Perhaps that was the answer; perhaps the entire interchange needed to burn again, to sear itself clean in a rising tide of flame. But no, that wouldn’t work now. Steel had replaced wood, smoke sensors and cameras lined the walls. And what would another conflagration resolve? The horror of the past could not be erased with a second atrocity. The memory of that terrible day could never be burned away.
Mr Fox allowed the silver skewer to slide down into his palm. He felt its cool heft in his hand, demanding to be used. Killing would calm him.
But now the doors of the Victoria Line train stood open, and Mac was free to board. If he did, Mr Fox knew he could lose the opportunity presented by the crush of the anonymous crowd. He stamped hard on a woman’s foot and shoved her aside, moving in to commit the act that would provide him with a temporary respite from the ever-present pain of remembering.

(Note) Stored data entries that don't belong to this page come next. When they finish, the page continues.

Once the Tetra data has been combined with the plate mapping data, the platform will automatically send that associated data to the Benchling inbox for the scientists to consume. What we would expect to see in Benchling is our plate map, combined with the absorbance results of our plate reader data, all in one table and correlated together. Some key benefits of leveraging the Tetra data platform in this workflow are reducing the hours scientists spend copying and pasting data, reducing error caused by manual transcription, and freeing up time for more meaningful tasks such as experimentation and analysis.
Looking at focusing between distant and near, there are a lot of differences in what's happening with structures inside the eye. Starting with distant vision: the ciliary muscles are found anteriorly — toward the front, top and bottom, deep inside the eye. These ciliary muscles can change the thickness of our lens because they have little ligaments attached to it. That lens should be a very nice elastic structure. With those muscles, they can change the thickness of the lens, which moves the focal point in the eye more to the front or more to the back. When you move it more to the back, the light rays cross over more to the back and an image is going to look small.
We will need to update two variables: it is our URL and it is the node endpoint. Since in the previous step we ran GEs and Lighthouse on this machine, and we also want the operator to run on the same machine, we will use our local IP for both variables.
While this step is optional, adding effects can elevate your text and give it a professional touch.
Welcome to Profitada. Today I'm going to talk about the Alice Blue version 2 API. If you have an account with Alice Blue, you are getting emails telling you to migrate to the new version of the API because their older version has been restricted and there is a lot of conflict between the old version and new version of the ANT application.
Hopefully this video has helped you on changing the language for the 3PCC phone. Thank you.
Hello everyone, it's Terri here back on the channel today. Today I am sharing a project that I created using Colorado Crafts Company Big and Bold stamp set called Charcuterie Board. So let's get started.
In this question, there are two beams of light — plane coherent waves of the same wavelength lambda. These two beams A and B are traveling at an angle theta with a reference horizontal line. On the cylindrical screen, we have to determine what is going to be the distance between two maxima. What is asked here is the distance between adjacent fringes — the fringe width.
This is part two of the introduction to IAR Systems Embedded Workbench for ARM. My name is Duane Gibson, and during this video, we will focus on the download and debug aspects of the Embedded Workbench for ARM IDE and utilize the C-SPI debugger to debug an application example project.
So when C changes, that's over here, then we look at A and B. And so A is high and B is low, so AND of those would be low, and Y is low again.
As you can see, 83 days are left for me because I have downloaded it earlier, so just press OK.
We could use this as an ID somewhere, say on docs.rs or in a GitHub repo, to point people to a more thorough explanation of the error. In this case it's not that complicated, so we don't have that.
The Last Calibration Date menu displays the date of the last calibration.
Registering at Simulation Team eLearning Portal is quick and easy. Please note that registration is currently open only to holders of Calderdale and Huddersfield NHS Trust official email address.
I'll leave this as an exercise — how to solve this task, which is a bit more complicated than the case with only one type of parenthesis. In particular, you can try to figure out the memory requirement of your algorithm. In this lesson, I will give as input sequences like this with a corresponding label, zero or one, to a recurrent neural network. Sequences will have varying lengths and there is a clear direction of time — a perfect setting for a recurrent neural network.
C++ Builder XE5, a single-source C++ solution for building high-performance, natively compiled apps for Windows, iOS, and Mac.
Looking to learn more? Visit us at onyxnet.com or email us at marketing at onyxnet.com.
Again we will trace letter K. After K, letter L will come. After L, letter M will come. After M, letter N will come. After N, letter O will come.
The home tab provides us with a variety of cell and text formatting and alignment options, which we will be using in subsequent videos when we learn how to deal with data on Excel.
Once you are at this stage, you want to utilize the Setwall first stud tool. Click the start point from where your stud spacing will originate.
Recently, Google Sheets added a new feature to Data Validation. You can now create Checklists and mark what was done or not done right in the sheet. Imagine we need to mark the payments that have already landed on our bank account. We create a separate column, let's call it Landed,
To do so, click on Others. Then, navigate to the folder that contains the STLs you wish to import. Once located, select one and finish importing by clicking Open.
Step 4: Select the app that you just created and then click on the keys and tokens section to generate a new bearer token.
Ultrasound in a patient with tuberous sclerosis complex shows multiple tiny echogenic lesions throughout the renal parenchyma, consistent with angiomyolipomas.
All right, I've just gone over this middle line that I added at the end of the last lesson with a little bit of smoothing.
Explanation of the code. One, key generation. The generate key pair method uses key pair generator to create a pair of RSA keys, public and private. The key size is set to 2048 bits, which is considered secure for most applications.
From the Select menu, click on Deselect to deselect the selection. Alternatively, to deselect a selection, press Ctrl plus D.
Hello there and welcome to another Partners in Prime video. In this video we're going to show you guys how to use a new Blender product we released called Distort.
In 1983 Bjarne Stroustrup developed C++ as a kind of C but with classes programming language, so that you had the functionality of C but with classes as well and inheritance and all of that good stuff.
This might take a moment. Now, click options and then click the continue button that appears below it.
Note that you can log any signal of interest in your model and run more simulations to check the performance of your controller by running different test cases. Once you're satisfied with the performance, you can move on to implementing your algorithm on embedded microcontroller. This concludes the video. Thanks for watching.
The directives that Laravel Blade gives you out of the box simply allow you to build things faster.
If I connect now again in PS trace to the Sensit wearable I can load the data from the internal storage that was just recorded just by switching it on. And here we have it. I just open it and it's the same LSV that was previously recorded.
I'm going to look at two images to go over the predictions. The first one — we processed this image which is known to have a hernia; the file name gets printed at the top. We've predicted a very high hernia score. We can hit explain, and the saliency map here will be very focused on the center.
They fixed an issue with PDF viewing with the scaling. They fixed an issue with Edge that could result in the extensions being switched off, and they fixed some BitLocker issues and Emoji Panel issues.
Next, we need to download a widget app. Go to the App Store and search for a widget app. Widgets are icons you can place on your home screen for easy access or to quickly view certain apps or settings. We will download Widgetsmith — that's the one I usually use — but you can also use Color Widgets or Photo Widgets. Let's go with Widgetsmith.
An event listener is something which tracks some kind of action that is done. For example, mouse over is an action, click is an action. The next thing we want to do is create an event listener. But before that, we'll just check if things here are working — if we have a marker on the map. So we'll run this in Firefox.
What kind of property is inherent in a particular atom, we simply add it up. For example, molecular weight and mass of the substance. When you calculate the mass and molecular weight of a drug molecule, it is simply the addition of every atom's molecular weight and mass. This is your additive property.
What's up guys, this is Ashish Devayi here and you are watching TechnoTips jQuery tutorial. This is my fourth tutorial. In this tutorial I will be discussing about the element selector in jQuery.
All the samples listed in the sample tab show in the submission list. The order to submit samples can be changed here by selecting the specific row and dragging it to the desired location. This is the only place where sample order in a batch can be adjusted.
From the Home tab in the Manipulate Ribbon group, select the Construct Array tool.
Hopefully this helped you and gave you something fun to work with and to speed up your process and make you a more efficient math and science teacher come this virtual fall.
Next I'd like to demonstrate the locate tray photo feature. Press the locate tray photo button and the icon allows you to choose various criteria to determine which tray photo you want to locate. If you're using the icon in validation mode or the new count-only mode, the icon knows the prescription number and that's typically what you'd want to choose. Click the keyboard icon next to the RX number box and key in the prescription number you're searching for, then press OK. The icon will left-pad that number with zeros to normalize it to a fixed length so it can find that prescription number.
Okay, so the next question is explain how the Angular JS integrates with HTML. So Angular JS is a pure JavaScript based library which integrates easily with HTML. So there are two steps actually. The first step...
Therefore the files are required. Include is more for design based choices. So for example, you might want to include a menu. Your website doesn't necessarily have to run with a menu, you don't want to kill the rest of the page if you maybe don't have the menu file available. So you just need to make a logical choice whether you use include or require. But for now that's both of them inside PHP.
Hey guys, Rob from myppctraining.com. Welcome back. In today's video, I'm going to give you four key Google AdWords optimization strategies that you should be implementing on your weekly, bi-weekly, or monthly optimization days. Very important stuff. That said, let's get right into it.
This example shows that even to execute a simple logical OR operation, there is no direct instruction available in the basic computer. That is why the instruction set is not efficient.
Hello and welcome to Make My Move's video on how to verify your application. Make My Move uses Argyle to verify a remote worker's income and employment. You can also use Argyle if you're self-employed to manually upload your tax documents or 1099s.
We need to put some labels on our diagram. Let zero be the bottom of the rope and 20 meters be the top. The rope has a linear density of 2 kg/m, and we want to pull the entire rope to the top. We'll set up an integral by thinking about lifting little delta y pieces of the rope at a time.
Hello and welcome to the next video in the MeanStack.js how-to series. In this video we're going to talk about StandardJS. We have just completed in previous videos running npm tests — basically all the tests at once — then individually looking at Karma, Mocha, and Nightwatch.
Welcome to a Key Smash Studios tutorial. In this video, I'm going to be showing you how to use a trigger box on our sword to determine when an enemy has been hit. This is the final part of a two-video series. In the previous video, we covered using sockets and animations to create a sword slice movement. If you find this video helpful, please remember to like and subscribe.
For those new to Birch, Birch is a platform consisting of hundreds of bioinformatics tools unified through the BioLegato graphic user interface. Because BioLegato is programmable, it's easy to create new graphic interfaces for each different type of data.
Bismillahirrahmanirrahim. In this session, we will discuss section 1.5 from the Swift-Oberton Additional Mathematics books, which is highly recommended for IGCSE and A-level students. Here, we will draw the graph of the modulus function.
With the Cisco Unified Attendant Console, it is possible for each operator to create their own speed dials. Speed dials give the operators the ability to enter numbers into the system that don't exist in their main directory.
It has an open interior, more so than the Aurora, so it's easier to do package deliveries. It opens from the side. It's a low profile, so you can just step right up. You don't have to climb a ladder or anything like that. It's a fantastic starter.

Just as he reached toward Mac, however, a tall student stumbled into his path. The student was grabbing at his girlfriend’s hand, trying to twist a ring from her finger, and the girlfriend had turned to slap him in the face. The crowd – mostly made up of old ladies, it seemed – pushed back with force, and suddenly they seemed to have linked arms so that there was a solid barrier of them across his path. It was absurd, but he could not pass between them to reach his target. He watched, stalled, as Mac jumped to safety, moving nimbly between the closing doors of the carriage.
Now the tall student was twisting the girl’s hand and even Mr Fox heard the snap of her finger, saw her scream, knew that some other drama was unfolding before him, but all he could see was Mac escaping, getting away to some place where he could talk to the police, and then he knew he had lost, lost it all, because of the old ladies and this damned student and his stupid lovers’ tiff, and the needle-sharp point of the skewer had risen in his hand as if moving of its own accord.
He slammed it down into the student’s arm and pushed, shoved it through the artery above his wrist until the point emerged from the other side. But he couldn’t get the skewer back out, no matter how hard he pulled.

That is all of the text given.